--- START ---
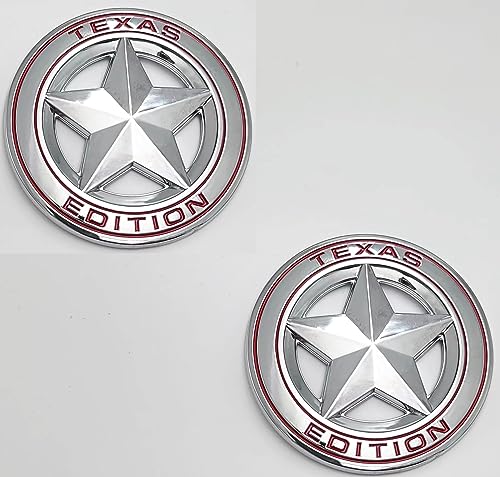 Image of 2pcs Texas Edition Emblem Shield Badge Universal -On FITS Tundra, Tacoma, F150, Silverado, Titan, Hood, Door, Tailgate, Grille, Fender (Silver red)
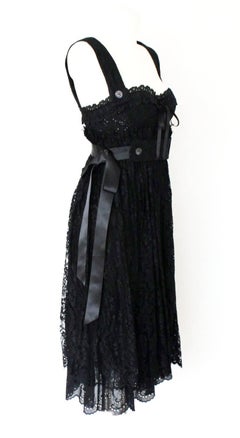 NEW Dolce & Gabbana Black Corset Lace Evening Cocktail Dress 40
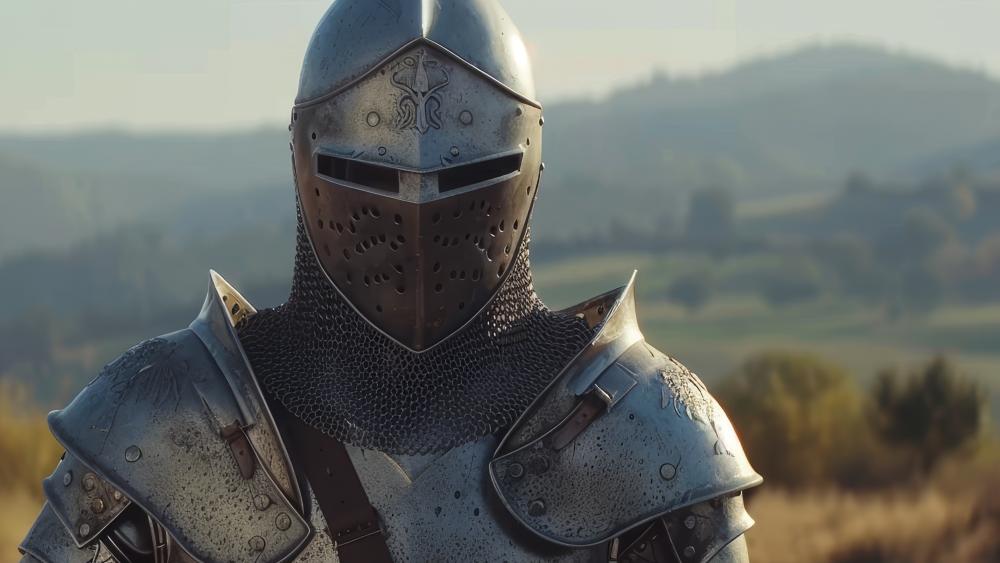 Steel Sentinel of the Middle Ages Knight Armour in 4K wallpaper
--- END ---
--- START ---
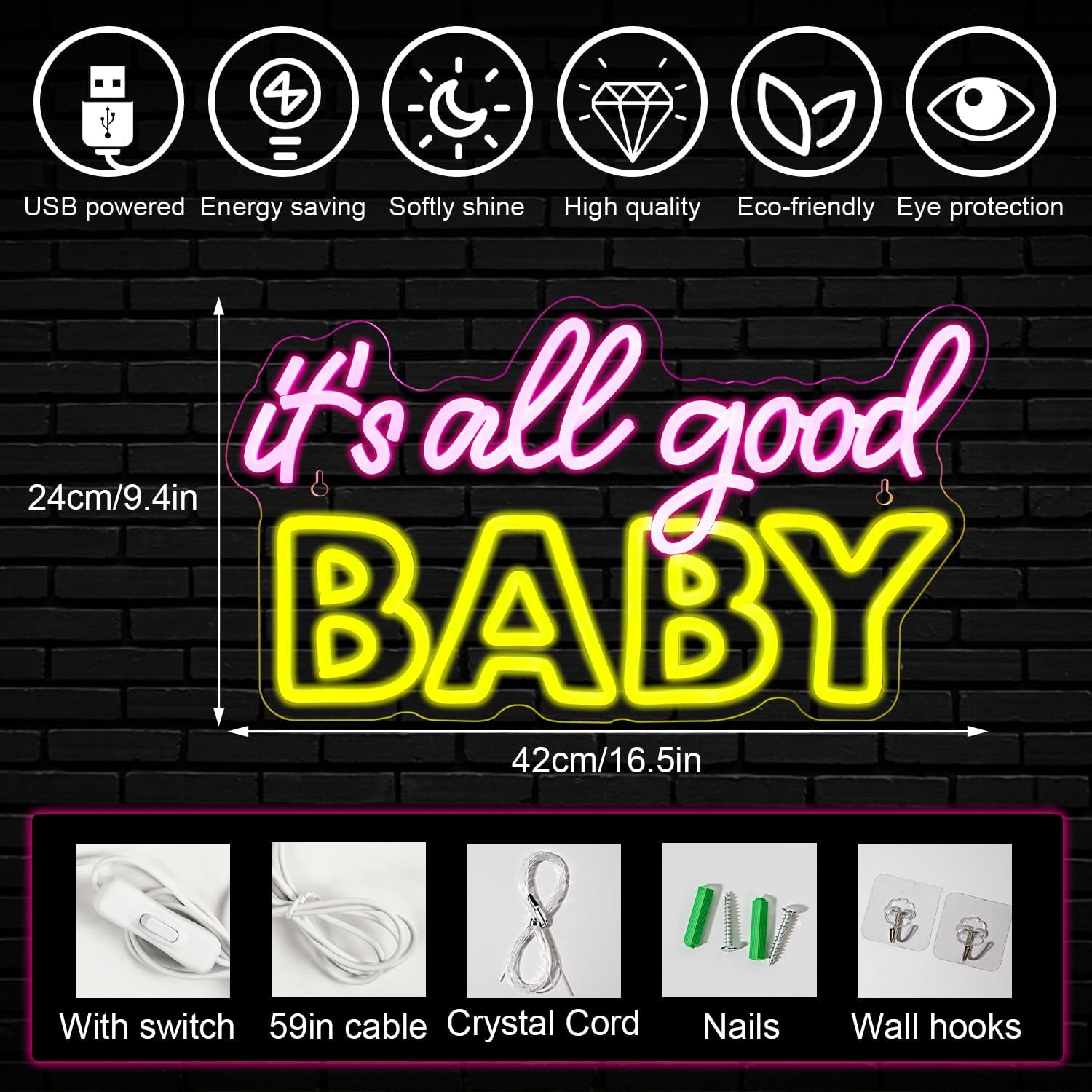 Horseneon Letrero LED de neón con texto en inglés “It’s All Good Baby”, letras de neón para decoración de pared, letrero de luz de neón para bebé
--- END ---
### Problem description
Your answer should consist of the lines above between those holding "NEW Dolce &" and "Steel Sentinel of", inclusive, reproduced word for word and without pictures.

### Answer to this task
 NEW Dolce & Gabbana Black Corset Lace Evening Cocktail Dress 40
 Steel Sentinel of the Middle Ages Knight Armour in 4K wallpaper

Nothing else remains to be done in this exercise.